Les ouvrages, composés de pompes solaires, de dispositifs de stockage et de bornes-fontaines, desservent onze localités, selon le CICR.C’est dans ce contexte que, ce mardi 03 février 2026, le Comité international de la Croix-Rouge (CICR) a procédé à la remise de deux systèmes d’adduction d’eau potable, installés respectivement à Kilo État et à Kilo Mission. Selon les informations communiquées, ces infrastructures combinent des pompes alimentées à l’énergie solaire, des dispositifs de stockage et des bornes-fontaines destinées à la distribution communautaire. D’après les données disponibles, l’ensemble devrait permettre d’améliorer l’approvisionnement en eau de plus de 20 000 personnes réparties dans onze localités environnantes.
À en croire des acteurs locaux, l’accès à l’eau constituait jusqu’ici l’un des points de vulnérabilité les plus critiques pour les habitants, contraints de parcourir de longues distances ou de recourir à des sources non sécurisées. Dans une zone où l’insécurité persistante depuis 2017 a désorganisé les services de base et freiné les investissements publics, ces ouvrages viennent répondre à une urgence structurelle autant qu’humanitaire. Des observateurs estiment que la disponibilité d’une eau de qualité pourrait réduire significativement les risques de maladies hydriques, tout en allégeant la charge quotidienne qui pèse sur les femmes et les enfants, souvent en première ligne de la corvée d’eau.

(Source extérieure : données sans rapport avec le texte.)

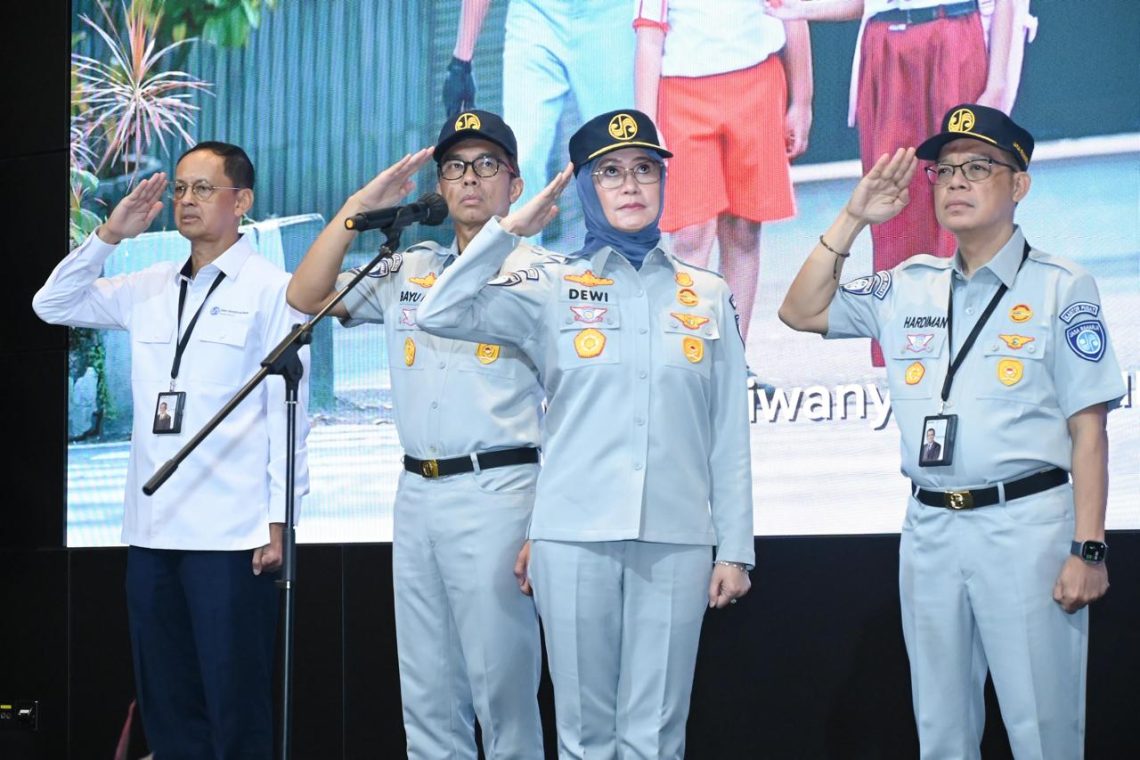 Plt. Direktur Utama Jasa Raharja Dewi Aryani Suzana bersama jajaran manajemen mengikuti upacara Peringatan Hari Pahlawan di Kantor Pusat Jasa Raharja, Jakarta, Senin (10/11/2025). (Dok: Humas Jasa Raharja)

Au-delà de l’enjeu hydrique, l’intervention du CICR s’inscrit dans une approche plus large de soutien aux services essentiels. L’organisation indique appuyer également les centres de santé locaux, notamment par la prise en charge de soins gratuits et la fourniture d’intrants médicaux. Selon certaines analyses, ce couplage entre accès à l’eau potable et renforcement des structures sanitaires constitue un levier déterminant dans des contextes de crise prolongée, où les déplacements de population et la précarité favorisent la propagation des maladies.Sans prétendre résoudre à elle seule les fragilités profondes de Djugu, cette action met en lumière le rôle que peuvent jouer des interventions ciblées dans la stabilisation progressive des territoires affectés par les conflits. À Kilo, confient des sources locales, l’eau qui jaillit désormais des bornes-fontaines est perçue comme un signal discret mais tangible d’un retour possible à des conditions de vie plus dignes. Reste toutefois la question de la durabilité : dans une région où l’insécurité demeure volatile, la pérennité de ces infrastructures dépendra autant de leur appropriation communautaire que de l’évolution du contexte sécuritaire et institutionnel.